> [Exercise objective]: Only the lines below from the one containing "4 młode sadzonki" through the one containing "Noctua comes" belong in the answer, set down exactly, with the pictures left out.

> [Dataset records]:
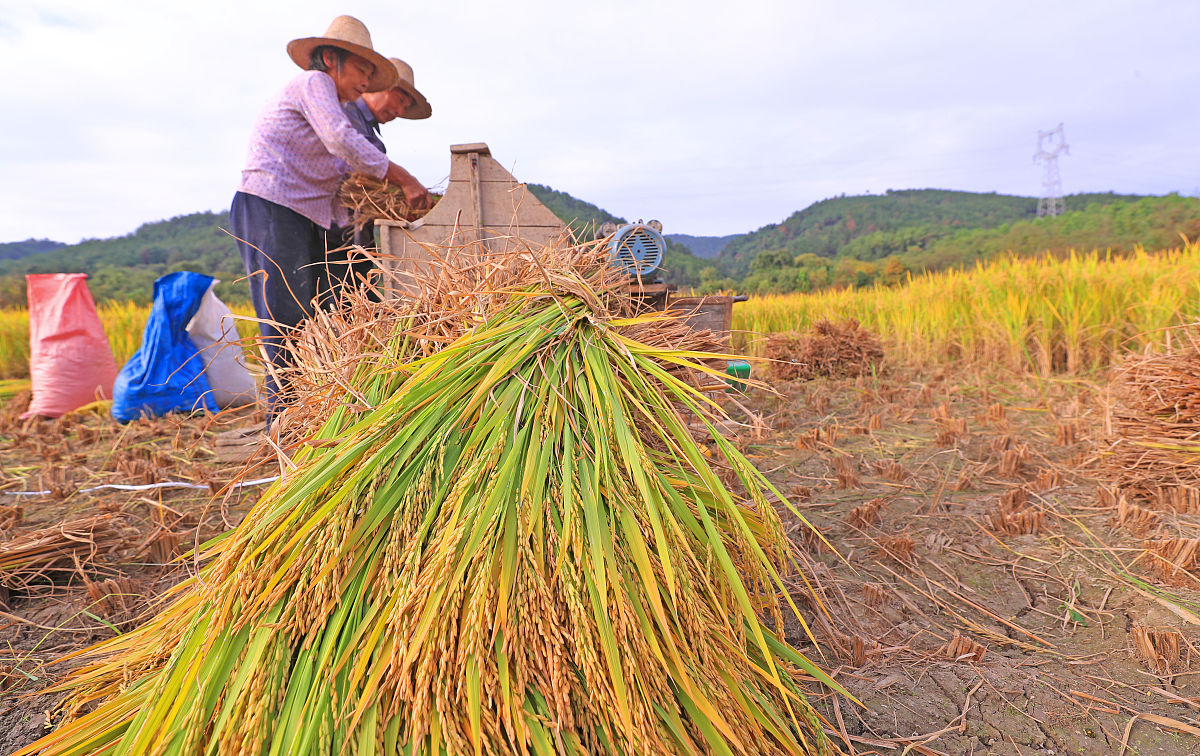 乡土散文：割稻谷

==

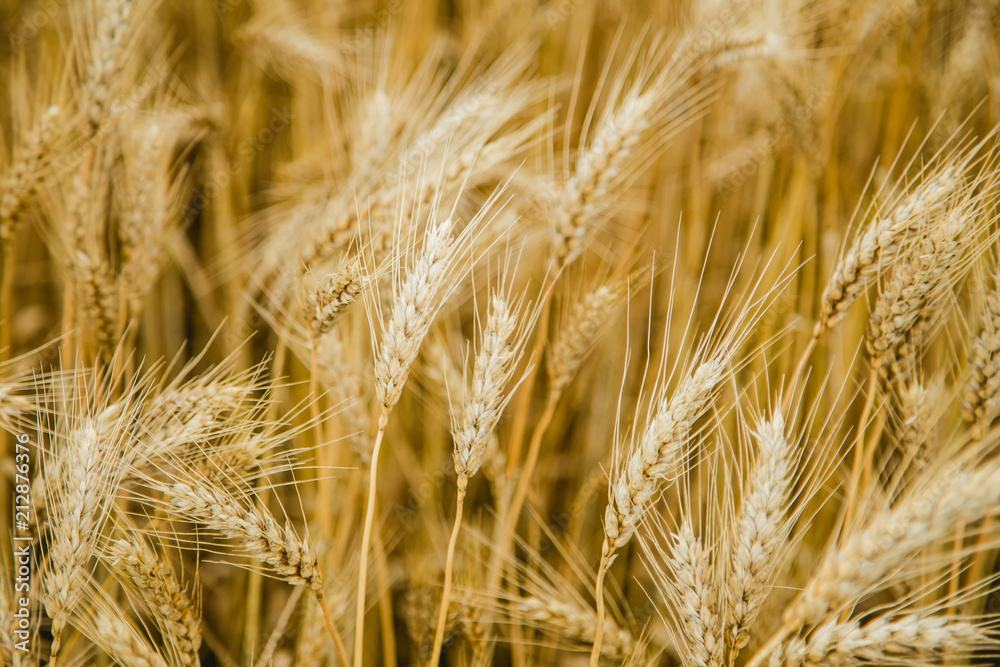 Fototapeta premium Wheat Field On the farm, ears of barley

==

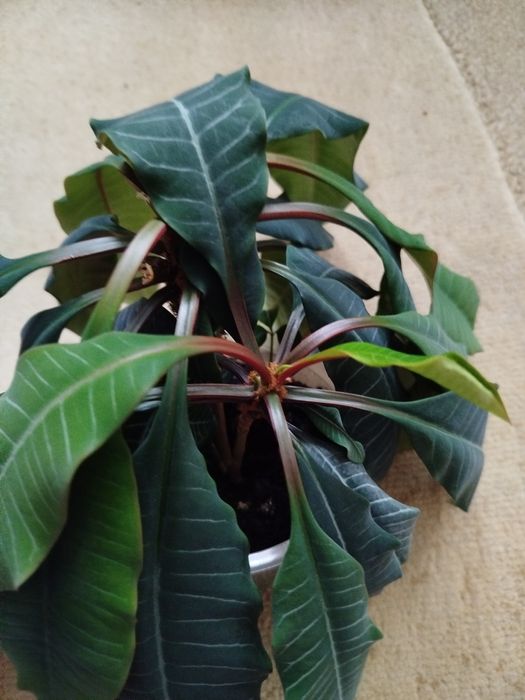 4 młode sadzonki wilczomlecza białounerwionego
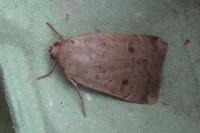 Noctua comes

> [Your response]:
 4 młode sadzonki wilczomlecza białounerwionego
 Noctua comes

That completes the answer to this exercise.